Several friends and I got into a discussion recently about what vice we would give up this year. One said all sugar, even juice. One said desserts. One said he gave up blogging once. I said, "I've never done Lent. I spend weeks trying to figure out what I'd like to give up and can't commit to any one thing, so I always end up just not doing it."
Coffee? Don't want the headache.
Dessert? But it's soooo good.
Facebook? That's how I stay connected.
How lame. There is an excuse for everything. Either that, or everything seems too small to claim as a sacrifice for the sake of knowing God in a richer way. Also, when it comes right down to it, I just don't get Lent. I didn't grow up Catholic or Lutheran, so the practice has always seemed...mysterious.
Yet, it draws me every year.
And so, I turn to someone much, much wiser than I for answers. Andrew Murray was a South African preacher, writer and man of prayer. I found his book, "With Christ in the School of Prayer," on my folks' book shelf. In the book, I think I've found a reason for Lent.
In a chapter about prayer and fasting, which is what I think Lent essentially is, Murray writes:

"It is in the dying to self which much prayer implies, in closer union to Jesus, that the spirit of faith will come in power.
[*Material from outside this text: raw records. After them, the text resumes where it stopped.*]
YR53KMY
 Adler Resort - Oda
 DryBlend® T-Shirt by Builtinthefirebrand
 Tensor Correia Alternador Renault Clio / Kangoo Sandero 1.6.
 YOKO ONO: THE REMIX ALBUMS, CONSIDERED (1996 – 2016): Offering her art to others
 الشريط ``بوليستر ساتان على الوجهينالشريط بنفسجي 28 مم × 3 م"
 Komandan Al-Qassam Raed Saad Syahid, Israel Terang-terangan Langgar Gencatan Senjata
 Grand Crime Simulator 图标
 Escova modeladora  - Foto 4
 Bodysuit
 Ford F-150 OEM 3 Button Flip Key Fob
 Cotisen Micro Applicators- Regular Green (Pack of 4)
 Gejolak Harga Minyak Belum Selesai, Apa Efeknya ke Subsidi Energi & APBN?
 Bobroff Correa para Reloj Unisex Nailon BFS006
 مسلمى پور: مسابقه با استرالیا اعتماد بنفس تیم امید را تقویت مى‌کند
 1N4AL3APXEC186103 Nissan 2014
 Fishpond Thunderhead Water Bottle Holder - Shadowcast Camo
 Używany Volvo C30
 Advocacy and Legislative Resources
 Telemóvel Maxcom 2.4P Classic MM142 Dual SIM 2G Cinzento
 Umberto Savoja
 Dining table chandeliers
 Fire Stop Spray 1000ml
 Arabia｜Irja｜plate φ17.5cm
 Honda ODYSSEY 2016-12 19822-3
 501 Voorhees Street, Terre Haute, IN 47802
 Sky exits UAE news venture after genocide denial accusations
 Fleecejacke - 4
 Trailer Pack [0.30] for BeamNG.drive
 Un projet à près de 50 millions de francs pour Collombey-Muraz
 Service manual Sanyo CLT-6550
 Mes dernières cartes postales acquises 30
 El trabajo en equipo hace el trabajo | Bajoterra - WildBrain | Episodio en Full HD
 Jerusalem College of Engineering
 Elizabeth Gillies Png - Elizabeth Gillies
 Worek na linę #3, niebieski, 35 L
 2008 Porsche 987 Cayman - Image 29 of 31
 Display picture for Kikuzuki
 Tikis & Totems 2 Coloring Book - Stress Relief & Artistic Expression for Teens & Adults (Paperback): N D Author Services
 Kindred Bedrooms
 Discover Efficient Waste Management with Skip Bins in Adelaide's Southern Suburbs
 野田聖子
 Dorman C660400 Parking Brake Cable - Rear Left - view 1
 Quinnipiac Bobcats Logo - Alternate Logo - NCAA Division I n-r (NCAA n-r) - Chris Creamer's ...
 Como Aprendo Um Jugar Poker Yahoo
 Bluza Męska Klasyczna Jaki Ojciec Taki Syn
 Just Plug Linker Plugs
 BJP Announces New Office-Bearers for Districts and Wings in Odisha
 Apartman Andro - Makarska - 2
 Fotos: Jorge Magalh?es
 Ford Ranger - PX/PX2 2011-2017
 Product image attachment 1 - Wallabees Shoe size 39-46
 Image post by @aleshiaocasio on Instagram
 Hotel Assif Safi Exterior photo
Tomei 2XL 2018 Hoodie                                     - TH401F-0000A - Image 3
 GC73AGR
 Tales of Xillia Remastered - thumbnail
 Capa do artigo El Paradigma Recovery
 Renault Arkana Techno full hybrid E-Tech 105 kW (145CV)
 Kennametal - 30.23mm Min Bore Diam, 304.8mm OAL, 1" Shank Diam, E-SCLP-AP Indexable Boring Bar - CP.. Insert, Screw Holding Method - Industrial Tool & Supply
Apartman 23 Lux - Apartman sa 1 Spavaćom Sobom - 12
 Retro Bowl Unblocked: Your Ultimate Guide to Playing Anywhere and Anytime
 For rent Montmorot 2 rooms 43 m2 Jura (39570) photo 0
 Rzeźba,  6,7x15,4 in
Faith needs prayer for its full growth. And prayer needs fasting for its full growth. ... Prayer is the one hand with which we grasp the invisible; fasting, the other, with which we let loose and cast away the visible. ... We are creatures of the senses: our mind is helped by what comes to us embodied in concrete form; fasting helps to express, to deepen, and to confirm the resolution that we are ready to sacrifice anything, to sacrifice ourselves, to attain what we seek for the kingdom of God."

I want that. If I look at Lent as a time to "cast away the visible" that I may "grasp the invisible," I think I can do it. I want to express and deepen my resolution to sacrifice anything -- even myself -- to seek God's glory.
Still the question remains: what do I give up in order to give God my all?
I'll have to get back to you on that.